王68~69シーズン
昨シーズン中のトレードを受け、メインの5人はこんな感じになりました。
オスカー・ロバートソン
トム・ヴァンアースデイル
ジョン・トレスバント
ジェリー・ルーカス
コニー・ダーキング
シーズン序盤はよく、開幕3連勝を飾ると、すぐ後には6連勝。
12月の前半にも6連勝をマークし、12月半ばの時点で20勝9敗と首位争いが出来る位置に付けていました。
しかし、この直後の15試合(オールスターブレイクまで)を4勝11敗と負け越し、前半戦は24勝20敗。
戦績が影響したのかはわかりませんが、フロントは後半戦が始まって間もなく、トレードを2件を行います。
●2年連続でFをゲット
①ドナルド・スミス&金銭をバックスに放出し、フレッド・ヘッツェルを獲得。
②トレスバントをソニックスに放出し、アル・タッカーを獲得。
ヘッツェルは4年目のF(6フィート8インチ)。
65年のドラフト1巡目第1位指名で、昨シーズンはウォリアーズで平均19.0点・7.1リバウンドをマーク。
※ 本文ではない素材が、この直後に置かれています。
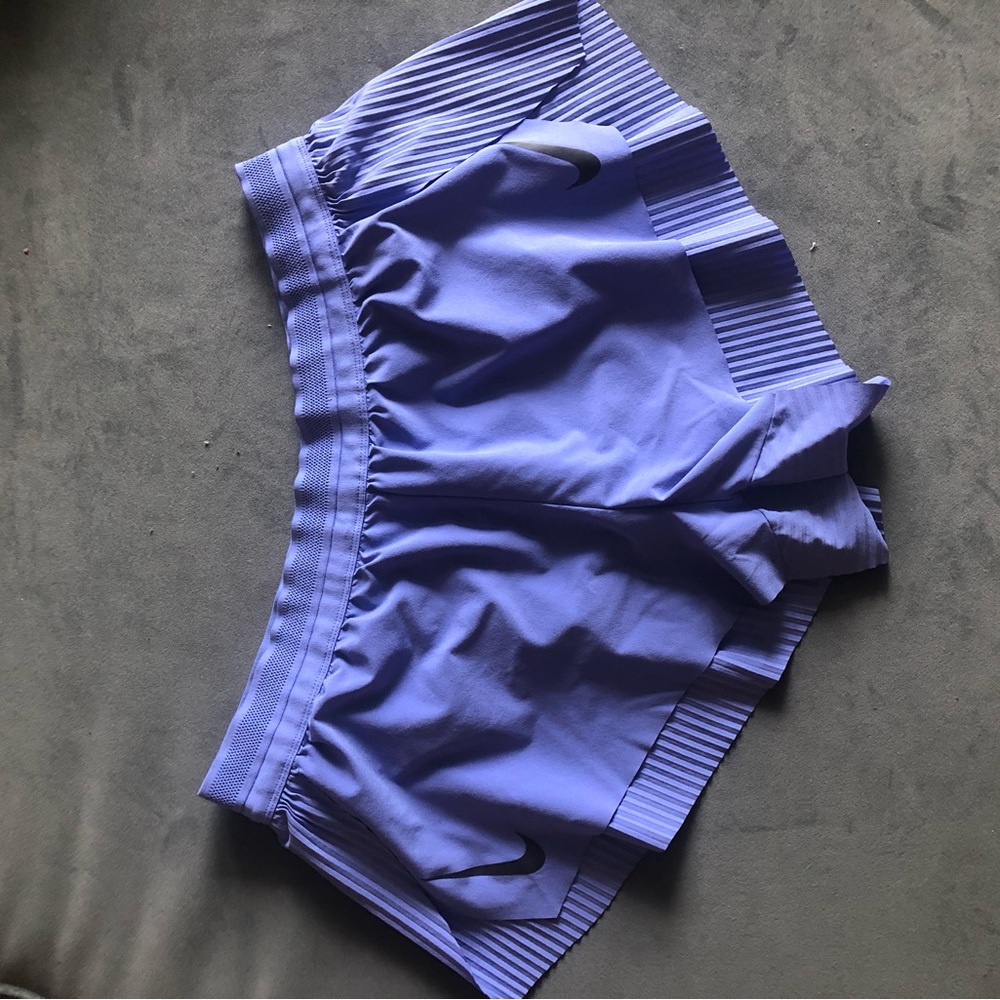 Nike Aeroswift running shorts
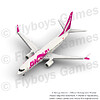 B38M Swoop render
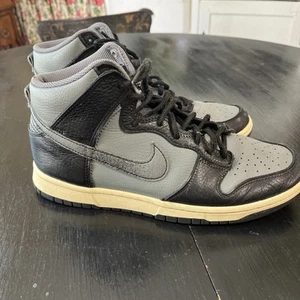 Size 9 Nike Dunk High 50 Years of Hip-Hop - Picture 1 of 6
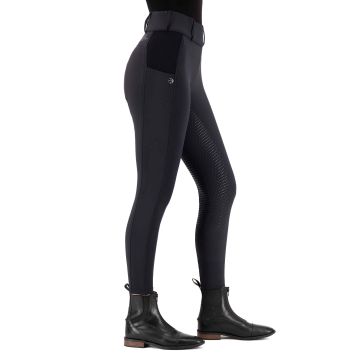 Rijlegging HVP-Evi FullGrip -  Black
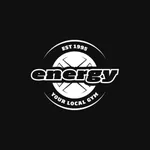 Energy Training app icon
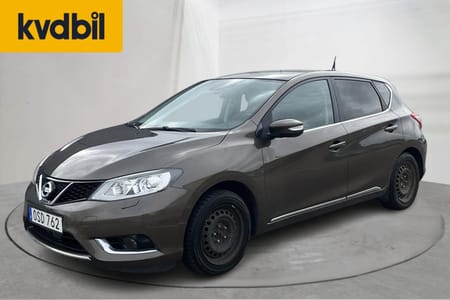Nissan Pulsar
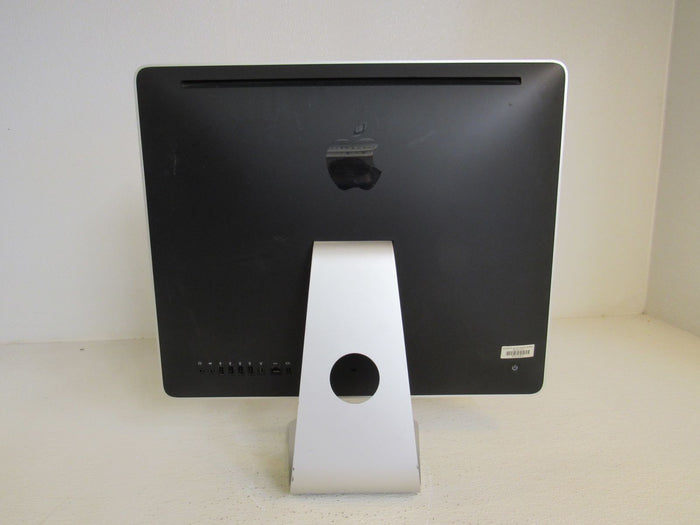 Apple-iMac-20-in-All-In-One-Computer-Bare-Unit-C-2GB-RAM-546 5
バックスでも、このトレードまで、平均15.9点・8.9リバウンドをあげていました。
バックスはリバウンダーを欲しており、また、ヘッツェル曰くバックスは財政難だったようです(ヘッツェルのサラリーを払うのも厳しかったとか)。
タッカーは2年目のF(6フィート8インチ)。
ソニックスのチーム史上初のドラフト1巡目指名選手で、ソニックスでの1シーズン半は、平均12.0点・6.7リバウンドでした。
因みにトレスバントは、トレードまでの51試合で平均11.9点・8.2リバウンドと健闘。
ヘッツェルを獲ったので不要だと考えたのかもしれませんし、タッカーの将来性に期待したのかなとも思います。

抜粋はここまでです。